Atlas da de esta forma el salto al mundo industrial, con despliegues anunciados para 2026 y una hoja de ruta que, en el marco de los planes de Hyundai, apunta a una capacidad de producción de hasta 30.000 unidades al año. Mientras tanto, Optimus sigue vinculado a las pruebas internas y la automatización de Tesla. Elon Musk había proyectado Tendrá “miles” de robots humanoides trabajando en fábricas para finales de 2025, pero a día de hoy no hay evidencia pública de que la empresa haya alcanzado ese objetivo.

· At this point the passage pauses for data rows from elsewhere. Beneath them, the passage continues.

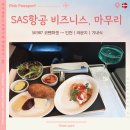 987 | SAS 항공 비즈니스 SK987 후기 🇮🇸아이슬란드 에필로그 #4 - 코펜하겐→인천, 기내식, 라운지, 한국으로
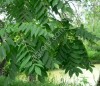 Cемена маньчжурского ореха (seed Juglans mandshurica)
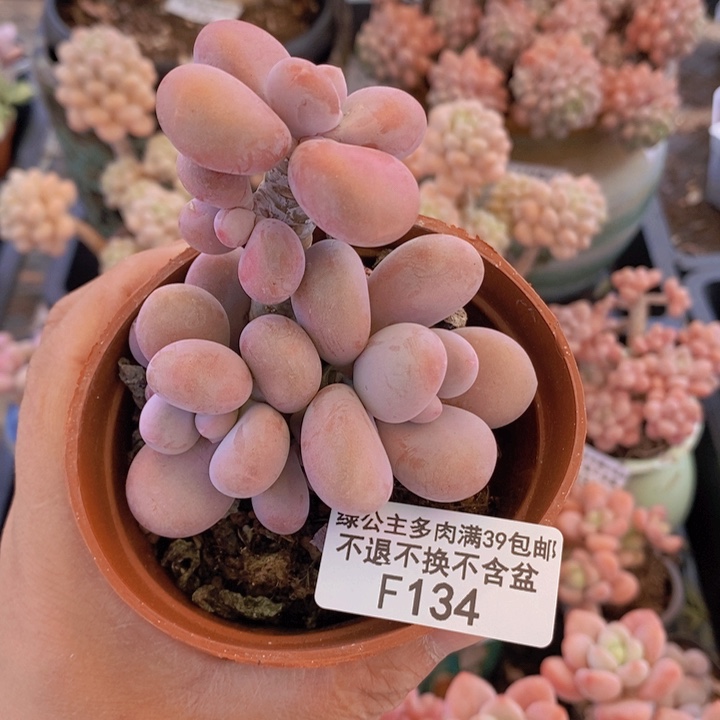 桃蛋6cm134多肉植物
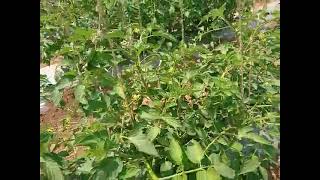 Valagro products on Tomato crop Radifarm Viva M C Extra MC Set Brexil Plus [upl. by Ahsim856]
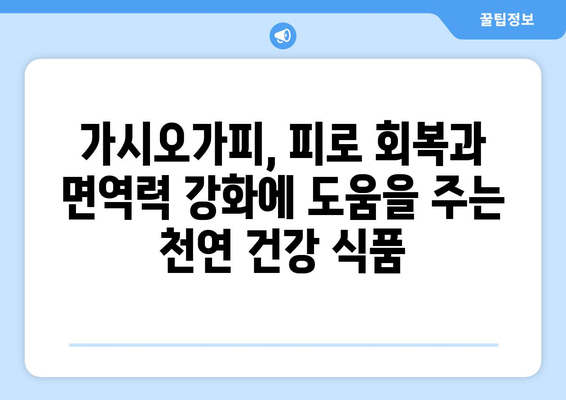 가시오가피의 효능과 부작용, 먹는 법 총정리 | 피로 회복, 면역력 강화, 건강 관리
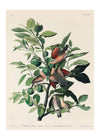Ground Dove Vintage Antique Bird 40x50cm Matte Clearance Print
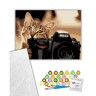 Картина за номерами "Пухнастий фотограф" 40х50 см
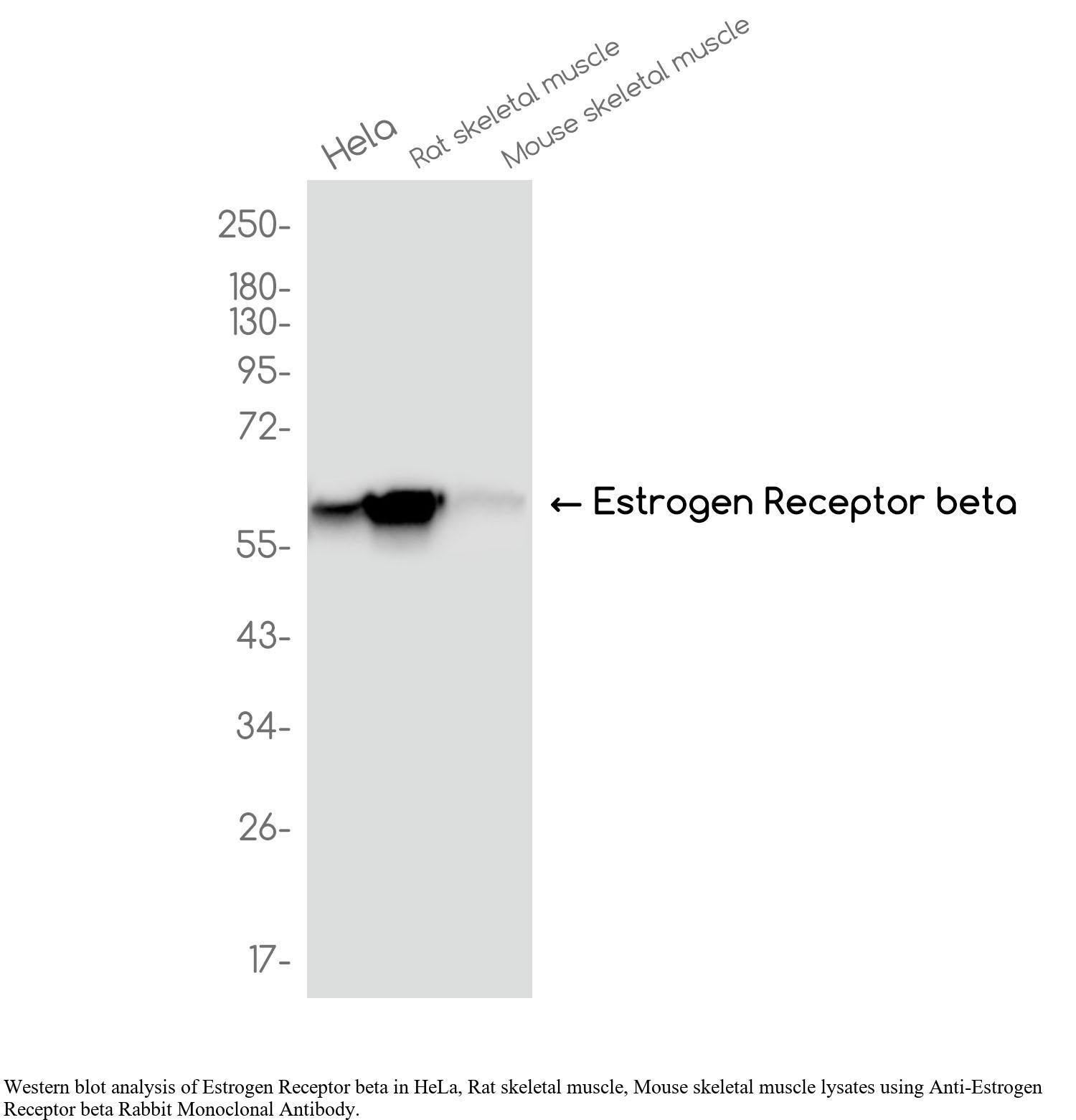 生物相关数据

Un cambio de escenario anunciado con antelación. El avance hacia un Atlas comercial se venía gestando desde hacía algún tiempo. En 2024, la etapa del robot hidráulico, activa desde hace más de una década, se cerró oficialmente para dar paso a un diseño completamente eléctrico alineado con un despliegue real. Esa decisión se produjo cuando los recientes avances en inteligencia artificial aceleraron el entrenamiento y la producción de robots complejos.
Hyundai, cliente y motor del despliegue. El salto industrial de Atlas está respaldado por una relación corporativa clave. Hyundai Motor Group, accionista mayoritario de Boston Dynamics, es también el primer cliente del robot humanoide. Él le asegura que Ya se completó una implementación inicial en 2025 y está previsto enviar una flota adicional en 2026 al Centro de aplicaciones Robotics Metaplant. A partir de ahí, el contexto de inversión industrial de Hyundai apunta a una posible ampliación de escala, aunque estas cifras aparecen como planes generales y no como compromisos específicos directamente vinculados a Atlas.
Diseñado para entornos humanos. Atlas no se concibe como una máquina aislada dentro de una celda cerrada, sino como un robot capaz de desplazarse por los mismos espacios en los que ya trabajan las personas. Su función está dirigida a tareas de manipulación y apoyo logístico en fábricas y almacenes, compartiendo entorno con trabajadores humanos y otros sistemas automatizados. Para hacerlo posible, se ha optimizado el diseño para la convivencia, con mecanismos que permiten detectar la proximidad de personas y detener la operación cuando sea necesario.
Para que un robot encaje realmente en una fábrica, el tiempo de actividad es tan importante como la tarea que realiza. Atlas está diseñado para funcionar durante turnos estándar, con una autonomía de aproximadamente cuatro horas en uso típico. Cuando la batería se agota, el propio robot puede sustituirla de forma autónoma en menos de tres minutos y volver a funcionar, permitiendo ciclos de funcionamiento continuos. El sistema de carga también funciona con tomas de corriente convencionales de 110 V o 220 V, evitando costosas modificaciones en la infraestructura.
Control, flotas y aprendizaje continuo. Atlas no sólo pretende actuar de forma autónoma, sino también integrarse en sistemas de seguimiento y control a escala. Técnicamente, puede funcionar de forma autónoma, pero también mediante control remoto con realidad virtual o tableta, y gestionarse como parte de una flota. Además, entra en juego una colaboración con Google DeepMind, encaminada a integrar los modelos de Gemini Robotics para acelerar el aprendizaje de nuevas tareas, capacidad que la compañía presenta como parte de su hoja de ruta y no como una función totalmente desplegada desde el primer día.
Imágenes | Dinámica de Boston
En | Si China consigue liderar en robots humanoides no será sólo por su tecnología: sus empresas saben venderlos mejor que nadie.